12 września 2016

#53 (Bucky)

N: Przeklinam dzień, w którym postanowiłam postawić na nanoczipy. Tworzę teraz takie teorie pseudomedyczne, że aż mnie to boli :P

Idę w stronę pewnego wydarzenia z komiksów, może ktoś zgadnie jakiego.

Motyw ze Steve’m, o którym wspominałam Astrid, przerzuciłam do następnej notki. Mam nadzieję, że zostanie mi to wybaczone.
***
wrzesień 2016

/Bucky od samego rana był nie w humorze, czego nie dało się nie zauważyć.

/I bardzo dobrze pomyślał. Nie był głupi, wiedział, że Steve knuje coś za jego plecami i to już od dłuższego czasu, choć nie wiedział jeszcze czym to dokładnie jest. Ale i tak mu się to nie podobało. Z nich dwóch to on był tym, który knuł po kątach i zmiana tego stanu rzeczy zdecydowanie nie była mu na rękę.

/Problemem było też to, że nie bardzo miał z kim o tym pogadać. Steve odpadał z oczywistych względów. Wilson tak samo, od razu zacząłby pewnie… Zacząłby pewnie go… umoralniać. Tak, tego słowa chyba szukał.

/Ostatnio miał z tym coraz większe problemy, coraz trudniej było mu utrzymać myśli w ryzach.
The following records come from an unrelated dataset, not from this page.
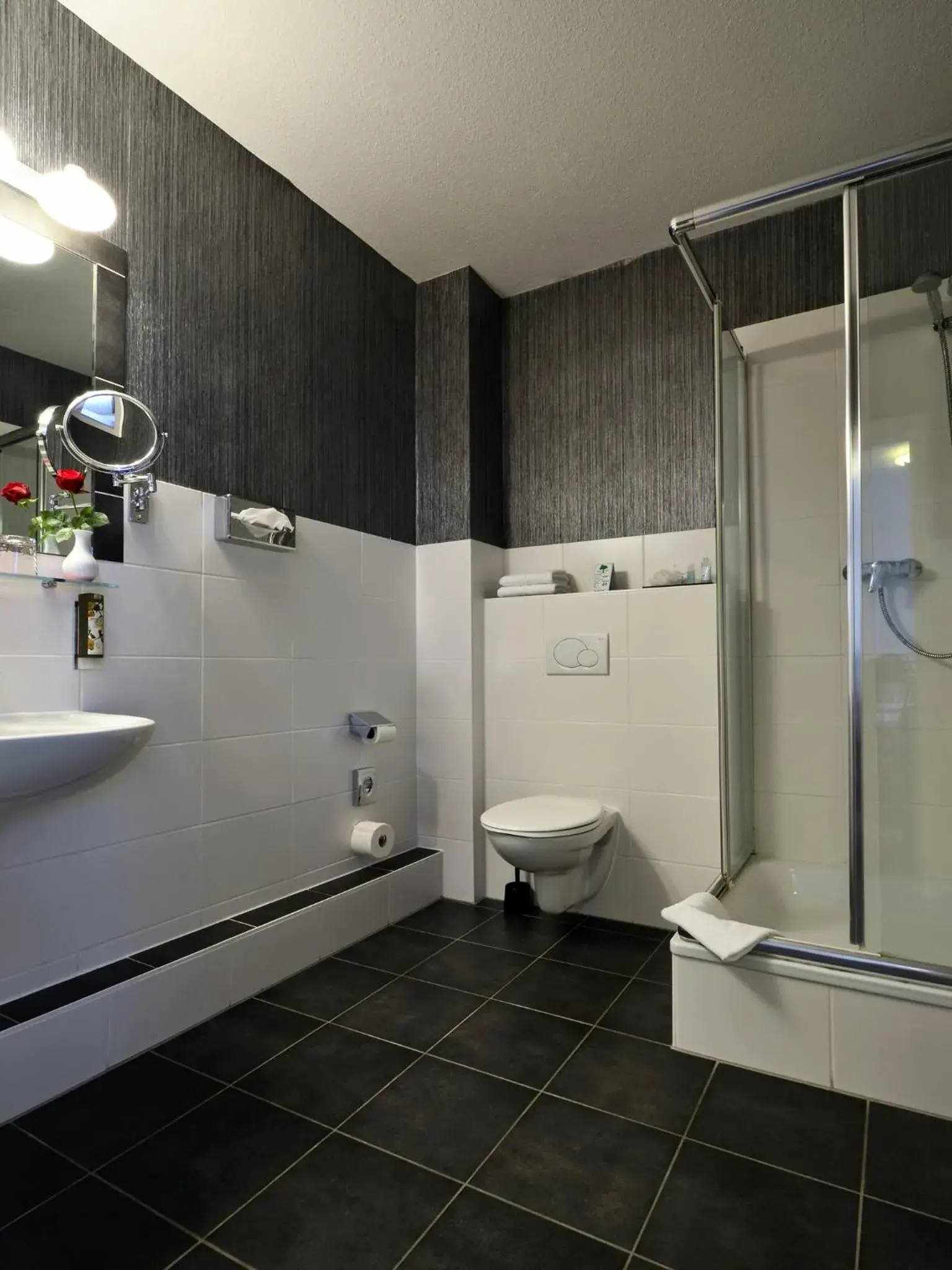 Bathroom in Comfort Hotel Tom Kyle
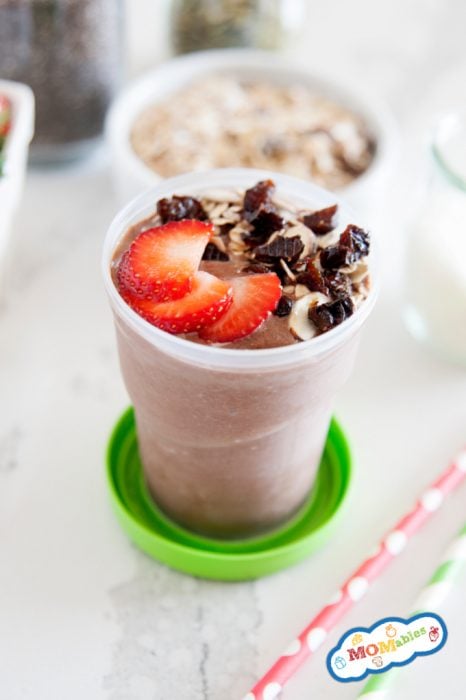 smoothie in a togo container
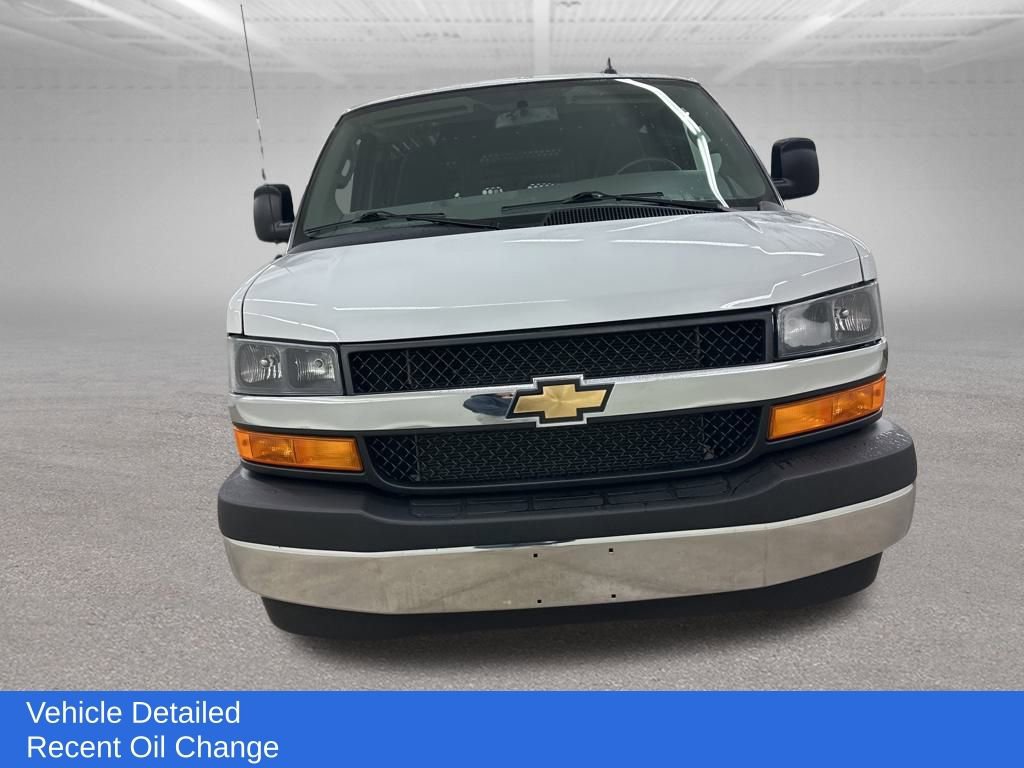 Used 2024 Chevrolet Express 2500 w/ Driver Convenience Package image 5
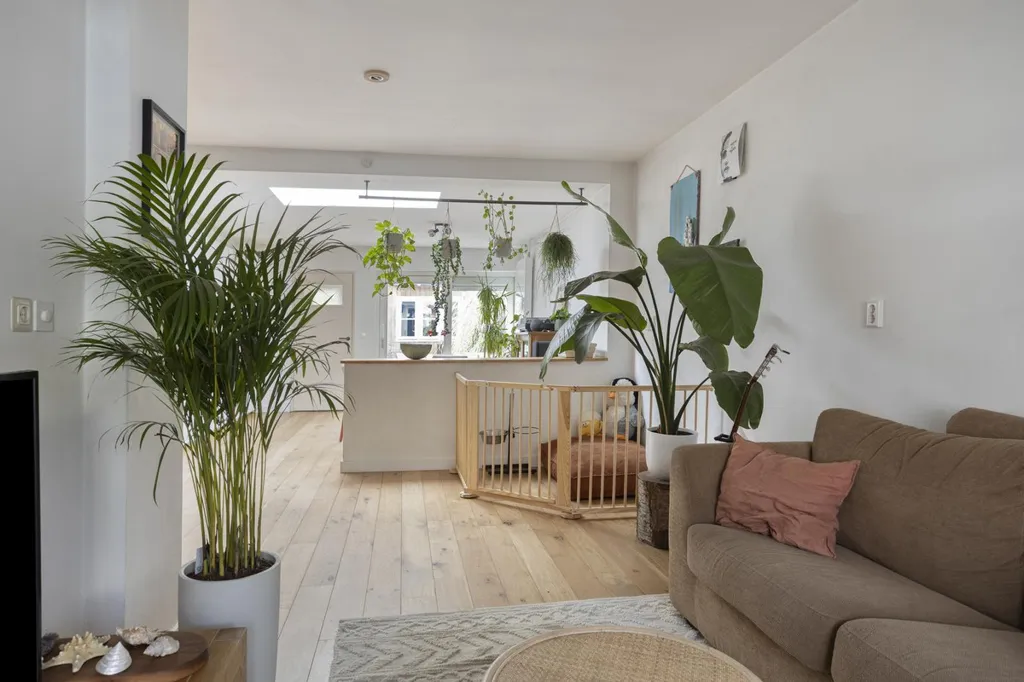 Living Room - Characterful Semi-detached House with Garden in Tilburg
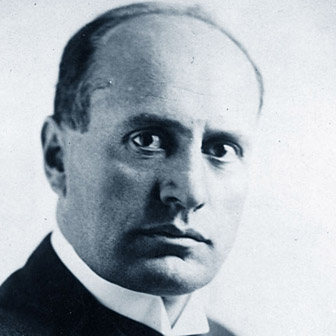 Foto quadrata di Benito Mussolini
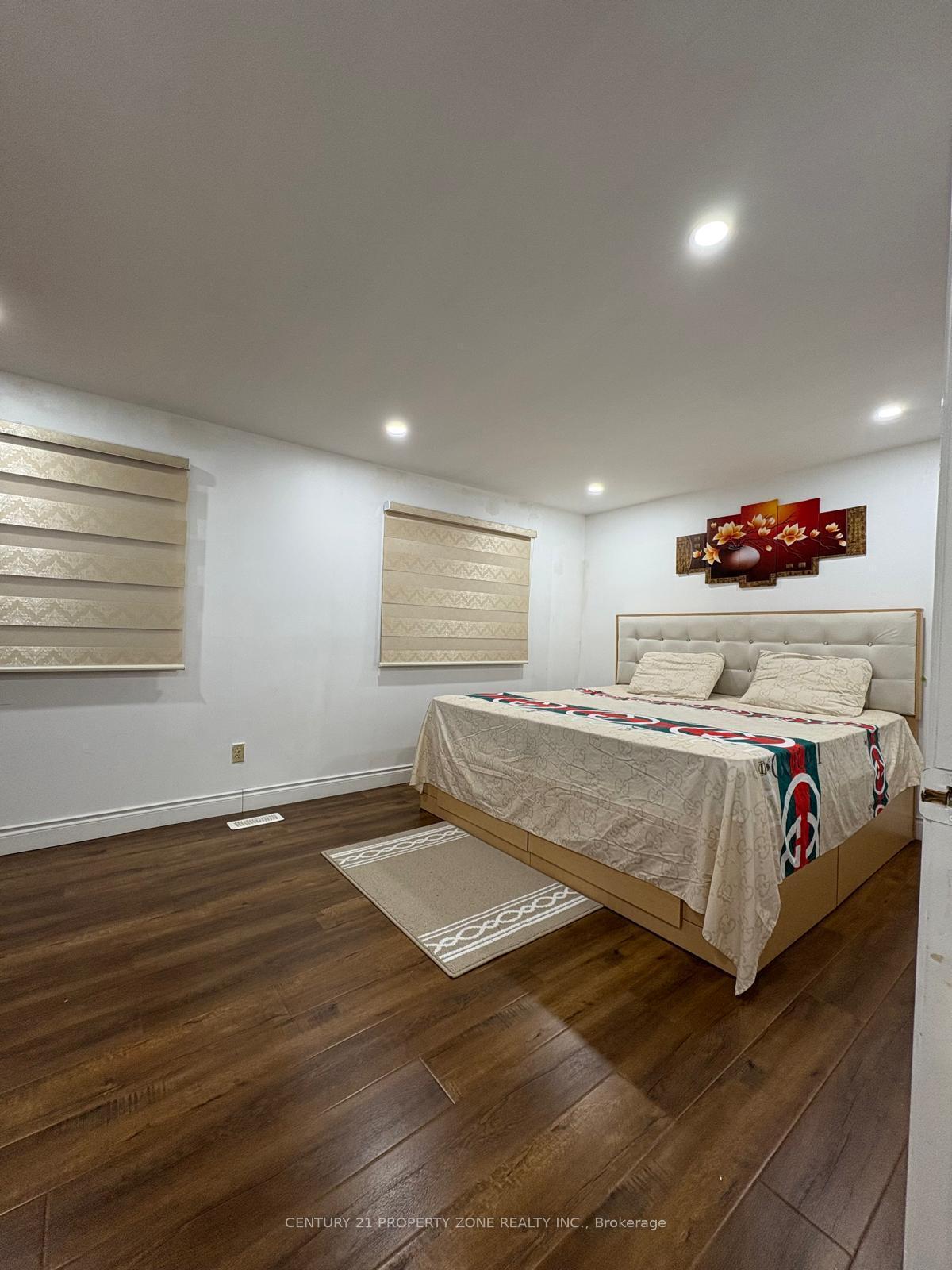 Photo 15 of 244 Royal Salisbury Way, Brampton, Madoc — HOMEH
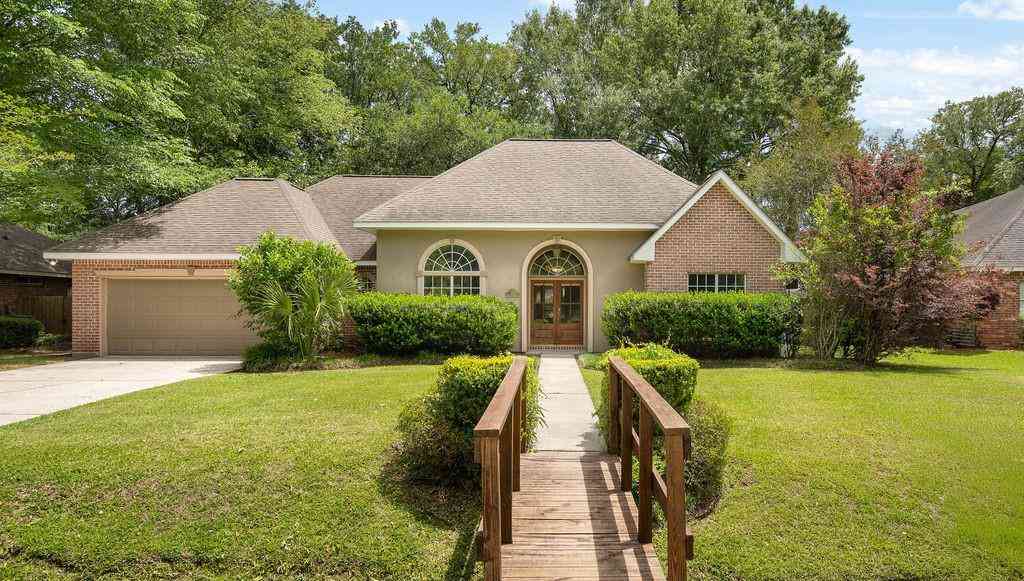 Homes For Sale - 533 Homewood Drive<br/> Covington, LA 70433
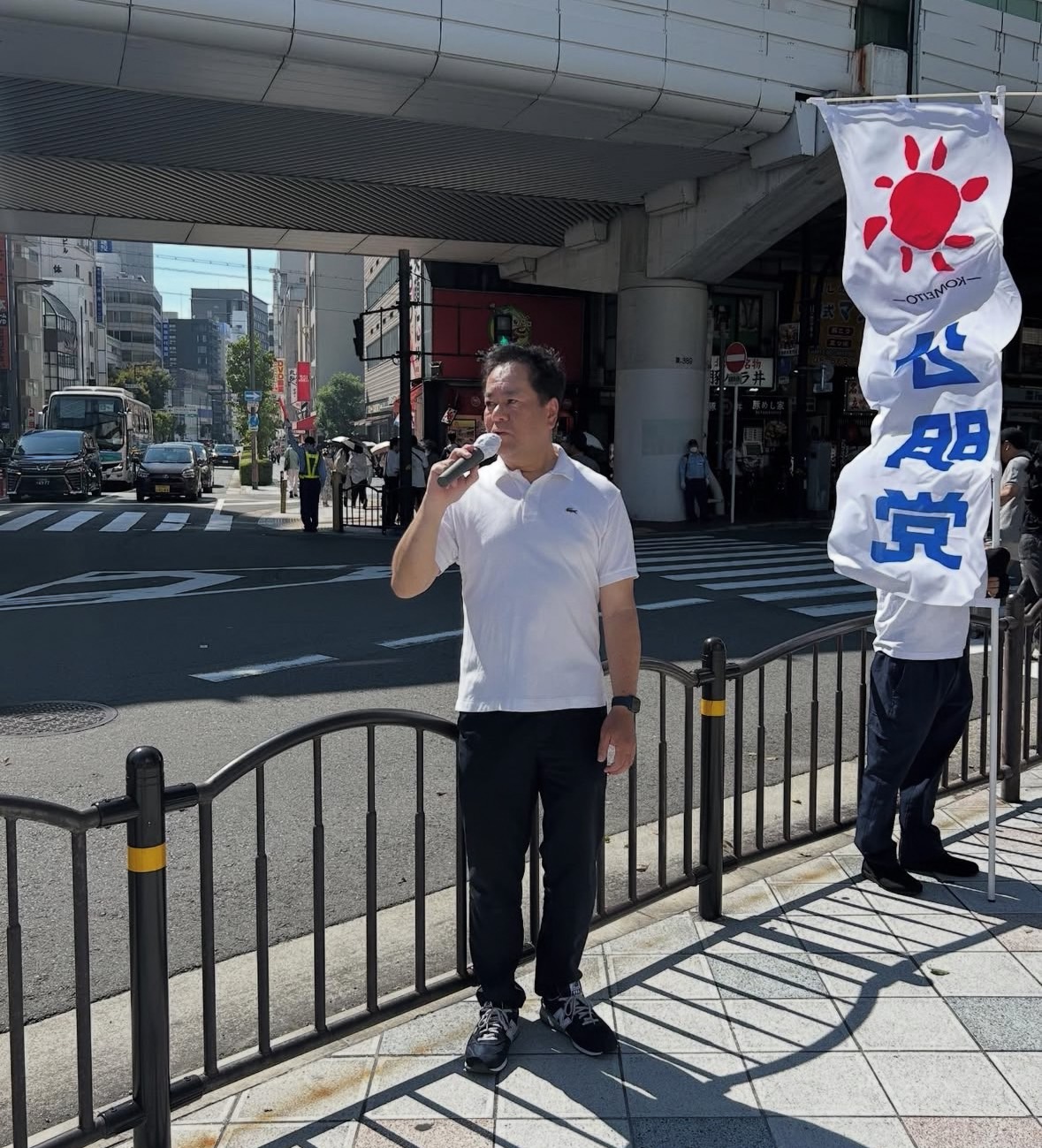 なんばパークス前で街頭演説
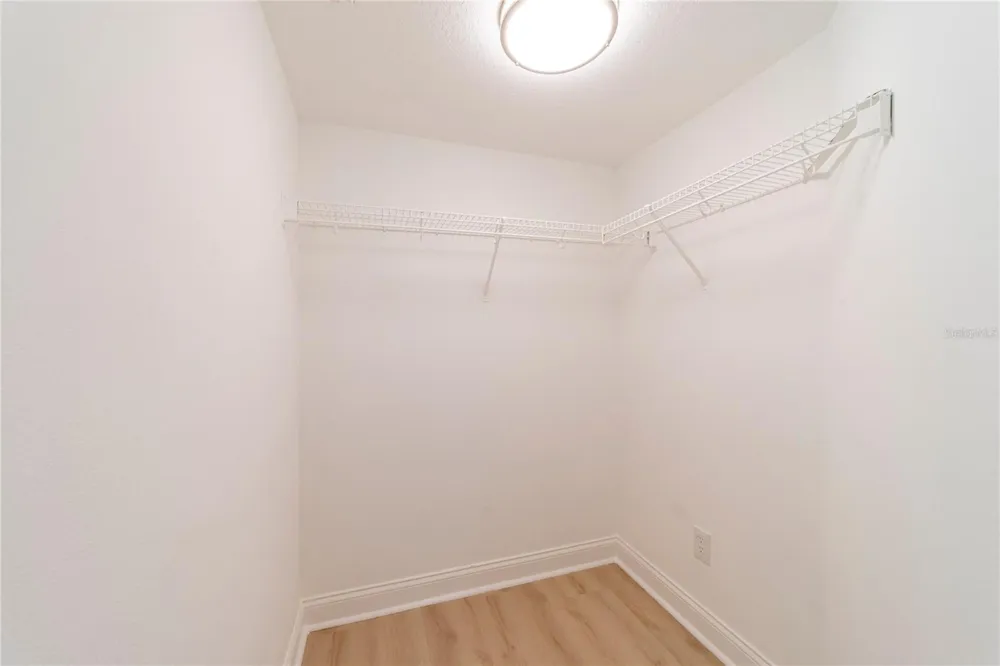 499 JULIAN LANE Maitland, FL 32751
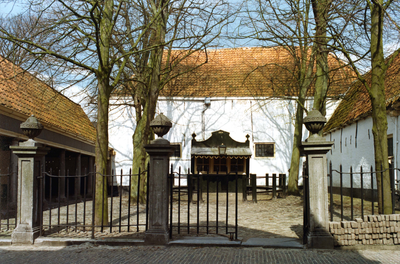 A-0157 Zierikzee. Sint Domusstraat. Vismarkt (voormalig Sint Jacobshofje), indertijd gesticht voor het huisvesten van ...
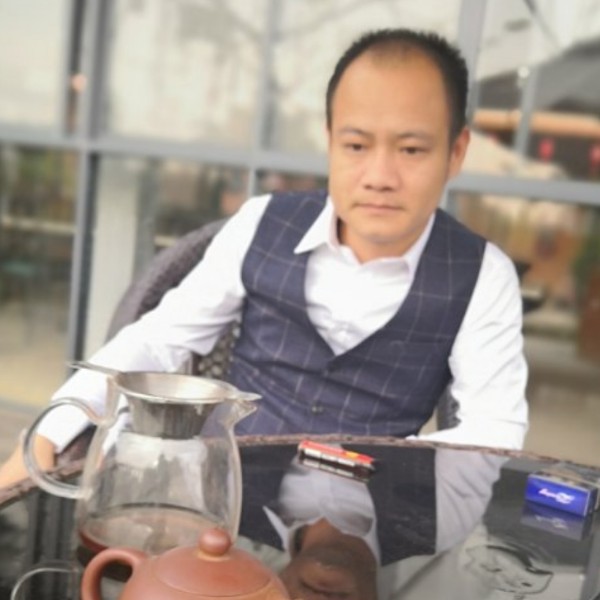快乐回首月饼的照片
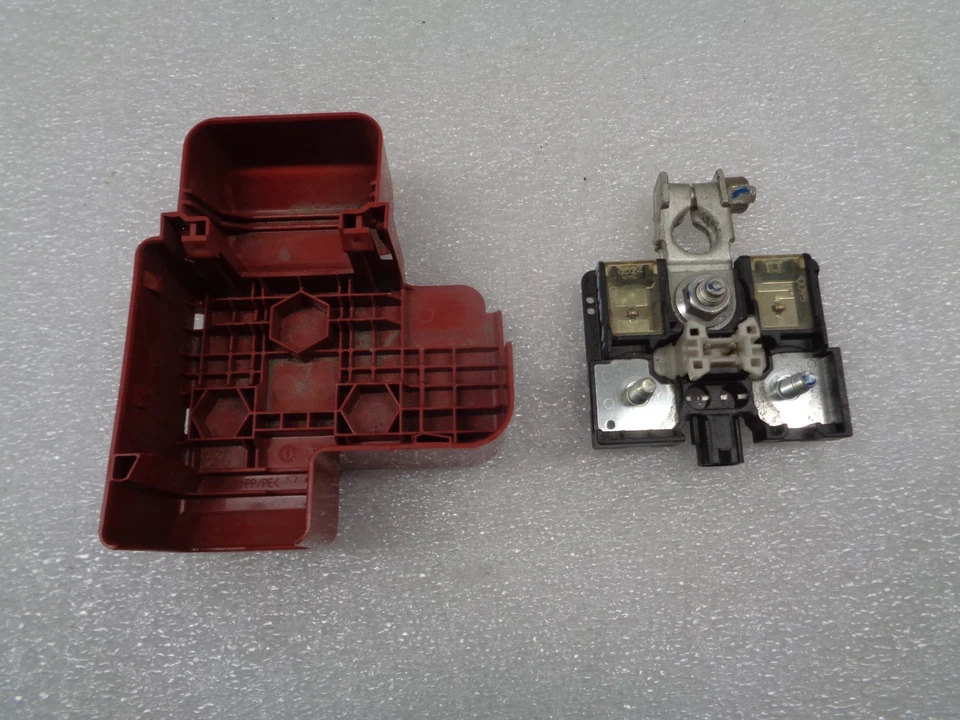 Conjunto de fusible terminal de batería positivo Toyota Mirai 2016-2020 OEM AK250893 Foto 3 de 4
Nie potrafił sformułować ich w jednym języku. Były dziwną mieszanką znanych mu języków, nieskładnych zdań, wyrwanych z kontekstu słów przepływających przez jego umysł. Angielski, rosyjski, niemiecki, francuski, mandaryński, języki, które znał, ale których nazw nie pamiętał – wszystko to doprowadzało go do szału, razem z migrenami, które przybierały na się, nie raz niemal wyciskając mu łzy z oczu.

/Nie wiedział komu o tym powiedzieć i czy w ogóle powinien to robić.
/Steve odpadał, przejmowałby się tym za bardzo. Nie chciał truć Wilsonowi, Langa znał zbyt słabo, Maximoff nie ufał, Antaliję niedawno odprawili, oddając ją pod opiekę Carter.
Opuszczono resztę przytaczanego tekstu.